Data for the task
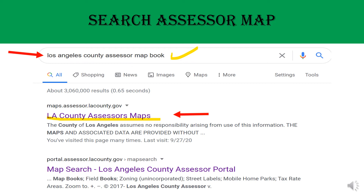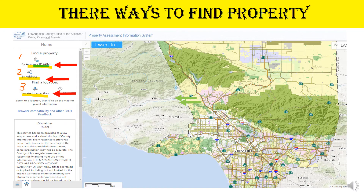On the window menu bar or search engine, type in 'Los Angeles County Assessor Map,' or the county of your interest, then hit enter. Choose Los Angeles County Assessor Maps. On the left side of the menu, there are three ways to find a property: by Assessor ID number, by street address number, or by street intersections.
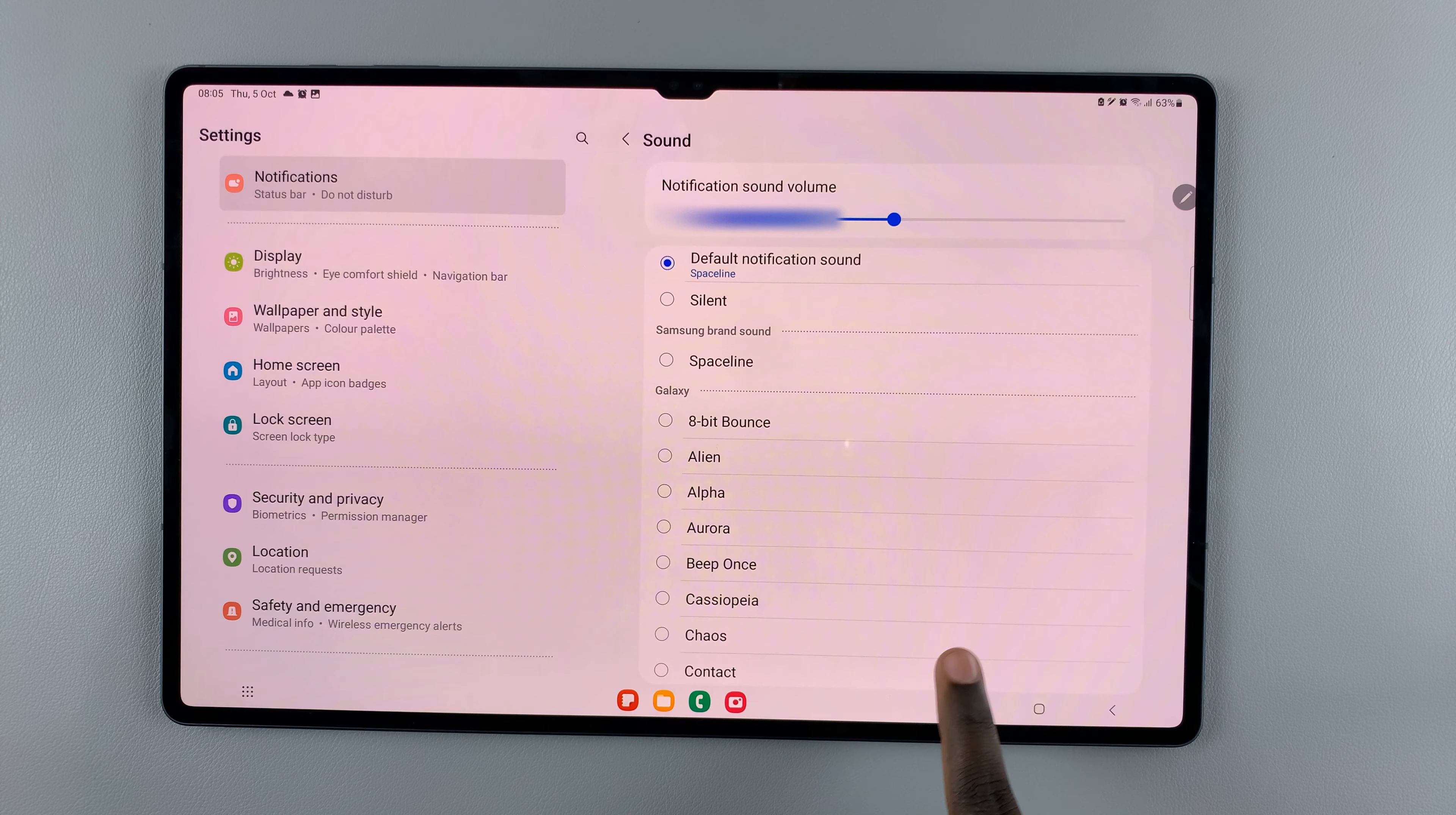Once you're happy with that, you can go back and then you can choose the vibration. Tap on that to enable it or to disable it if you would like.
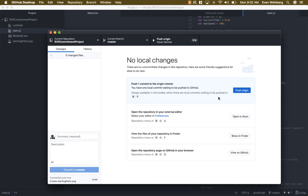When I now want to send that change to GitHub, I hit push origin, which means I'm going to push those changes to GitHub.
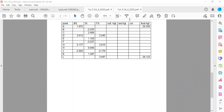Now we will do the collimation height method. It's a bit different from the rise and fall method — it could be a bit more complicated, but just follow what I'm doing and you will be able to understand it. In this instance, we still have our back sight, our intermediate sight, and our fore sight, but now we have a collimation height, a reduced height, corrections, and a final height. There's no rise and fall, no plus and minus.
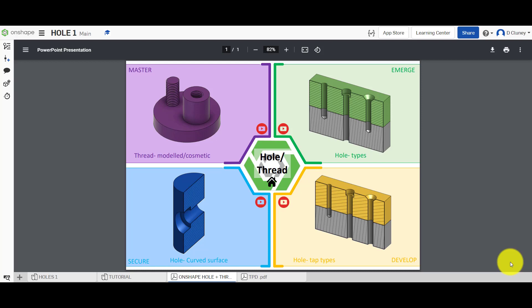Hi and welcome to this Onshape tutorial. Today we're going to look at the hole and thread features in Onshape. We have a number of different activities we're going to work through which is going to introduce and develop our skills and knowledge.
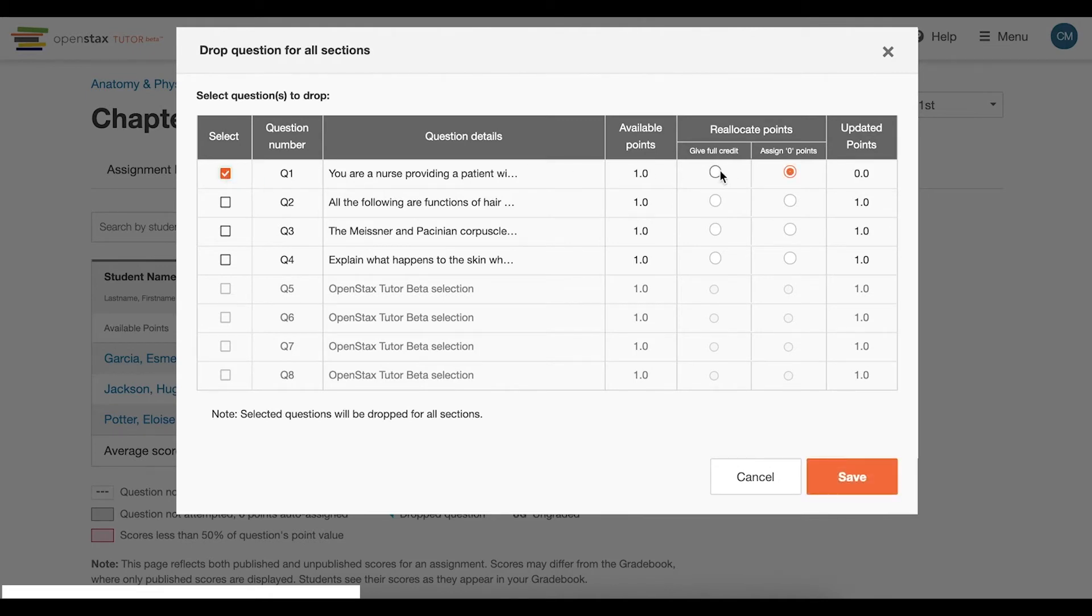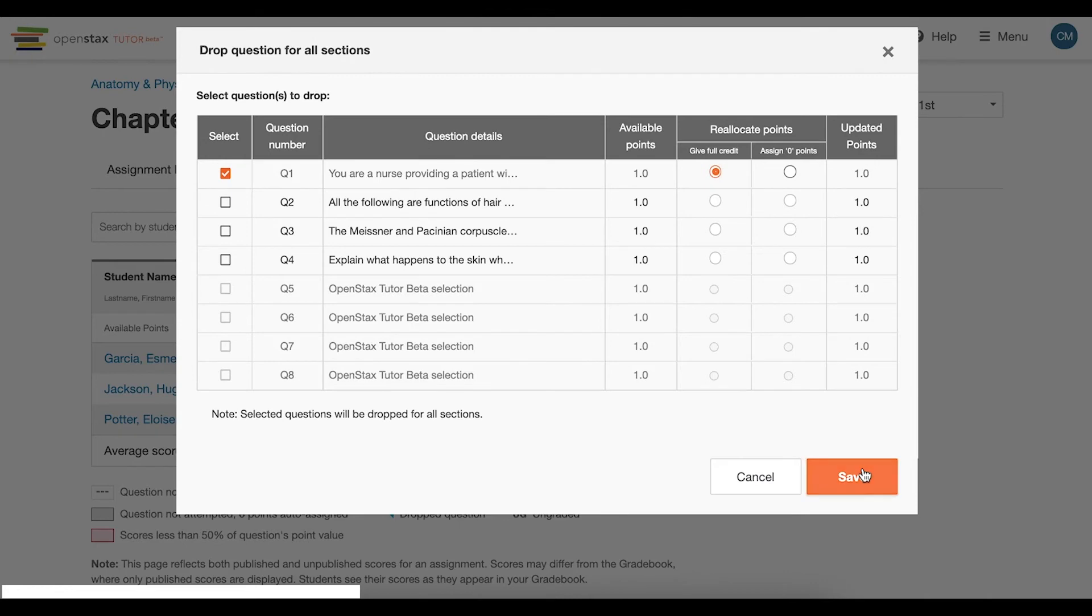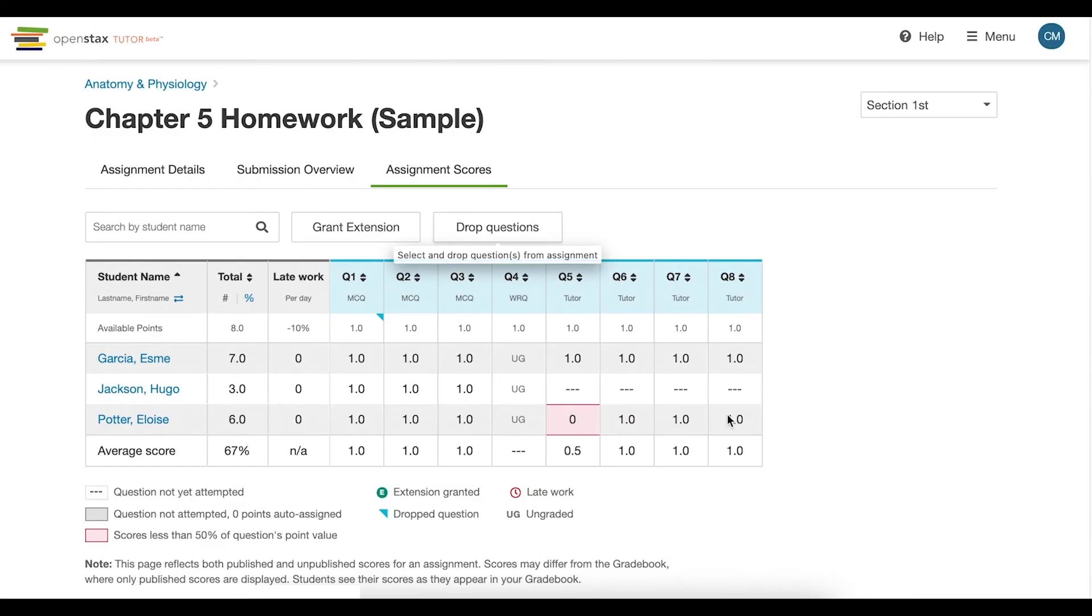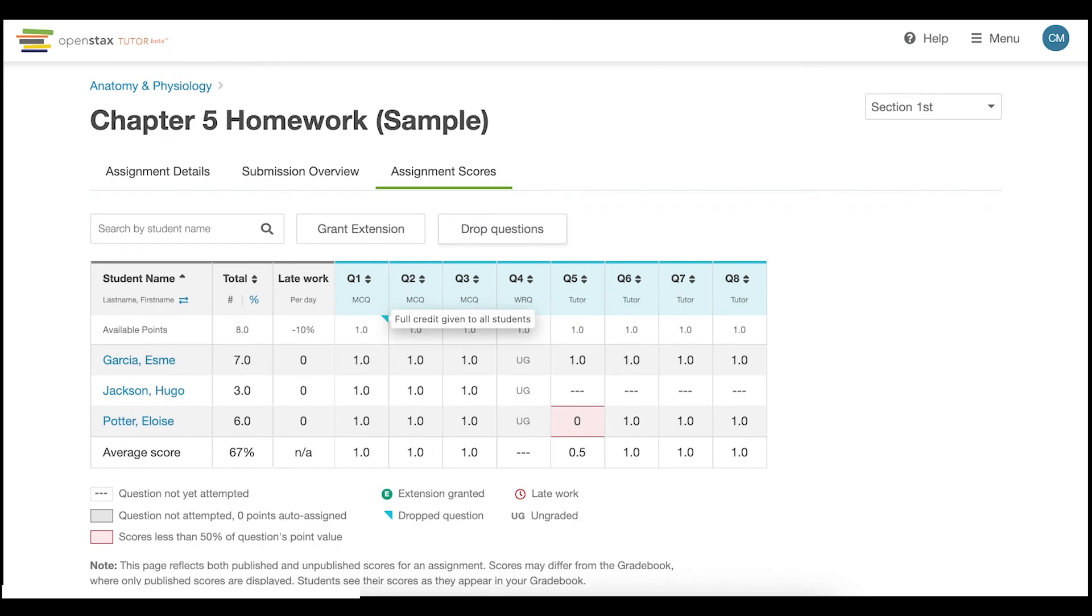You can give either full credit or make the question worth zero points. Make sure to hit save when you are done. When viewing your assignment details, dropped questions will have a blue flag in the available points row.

* * *

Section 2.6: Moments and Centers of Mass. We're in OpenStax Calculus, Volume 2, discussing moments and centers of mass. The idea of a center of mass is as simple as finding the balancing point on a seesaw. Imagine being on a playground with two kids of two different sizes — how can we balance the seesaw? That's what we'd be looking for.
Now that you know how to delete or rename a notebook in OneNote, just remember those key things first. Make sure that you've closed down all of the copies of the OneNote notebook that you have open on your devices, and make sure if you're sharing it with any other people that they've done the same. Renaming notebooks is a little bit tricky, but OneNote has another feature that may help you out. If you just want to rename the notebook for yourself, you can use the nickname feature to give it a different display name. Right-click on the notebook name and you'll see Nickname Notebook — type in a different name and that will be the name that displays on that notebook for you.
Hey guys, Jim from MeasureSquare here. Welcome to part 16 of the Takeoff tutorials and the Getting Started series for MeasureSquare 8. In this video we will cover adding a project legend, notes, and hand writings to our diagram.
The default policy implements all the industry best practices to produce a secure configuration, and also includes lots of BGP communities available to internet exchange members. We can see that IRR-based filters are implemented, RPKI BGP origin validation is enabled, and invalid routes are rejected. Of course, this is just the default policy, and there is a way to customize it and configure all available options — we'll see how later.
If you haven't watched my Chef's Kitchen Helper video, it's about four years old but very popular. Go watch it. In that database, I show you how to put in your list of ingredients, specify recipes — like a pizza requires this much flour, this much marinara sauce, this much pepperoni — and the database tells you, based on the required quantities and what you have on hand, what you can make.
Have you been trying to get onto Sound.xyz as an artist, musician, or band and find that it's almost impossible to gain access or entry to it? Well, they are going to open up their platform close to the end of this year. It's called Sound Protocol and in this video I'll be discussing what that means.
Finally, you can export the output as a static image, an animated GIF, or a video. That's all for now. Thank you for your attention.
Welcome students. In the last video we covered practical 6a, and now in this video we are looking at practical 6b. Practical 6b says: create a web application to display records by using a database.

Task description
Please reproduce the lines from the line with "Now that you" to the line with "Hey guys, Jim", both ends included, exactly as they appear above.

Result for this task
Now that you know how to delete or rename a notebook in OneNote, just remember those key things first. Make sure that you've closed down all of the copies of the OneNote notebook that you have open on your devices, and make sure if you're sharing it with any other people that they've done the same. Renaming notebooks is a little bit tricky, but OneNote has another feature that may help you out. If you just want to rename the notebook for yourself, you can use the nickname feature to give it a different display name. Right-click on the notebook name and you'll see Nickname Notebook — type in a different name and that will be the name that displays on that notebook for you.
Hey guys, Jim from MeasureSquare here. Welcome to part 16 of the Takeoff tutorials and the Getting Started series for MeasureSquare 8. In this video we will cover adding a project legend, notes, and hand writings to our diagram.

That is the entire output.